Hangal explained that organic content can only emerge when a brand has sufficient scale and depth, when both consumer usage and experience are well established. He added that newer or emerging brands may not yet have that foundation.
The many faces of modern UGC
UGC today sits at the crossroads of creativity, commerce, and credibility. What started as an honest consumer impulse has evolved into a layered ecosystem of intent, incentives, and imitation. There’s still authenticity in it, just not the kind that’s entirely free from influence.
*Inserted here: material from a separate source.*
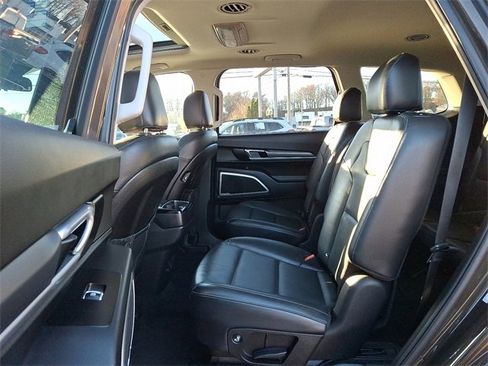 Used 2021 Kia Telluride S image 12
As Kalyan Kumar summed it up, “Everyone’s both a user and a creator now.” The boundaries between consumers, creators, and micro-influencers are increasingly porous. Organic spontaneity exists, but it is now interwoven with engineered campaigns, affiliate programs, and incentivised activity.
This evolution raises urgent questions for brands, regulators, and consumers alike. What does authenticity mean in a world where even unpaid posts can be strategically orchestrated? How do disclosure norms adapt when sponsored and organic content look almost identical? And how should brands balance reach and trust when “UGC” may no longer be purely user-driven?
UGC has transformed from a pure expression of consumer voice into a multi-faceted marketing ecosystem. Its promise, credibility, trust, and relatability remain, but they now come wrapped in layers of strategy, reward, and algorithmic influence.
For marketers, the challenge is no longer simply generating content; it is navigating this new reality where the user in UGC is part of a much larger, more complex ecosystem.
The era of effortless authenticity is over. What remains is a spectrum, from genuinely user-led voices to fully engineered posts, and understanding that spectrum is now central to effective brand storytelling.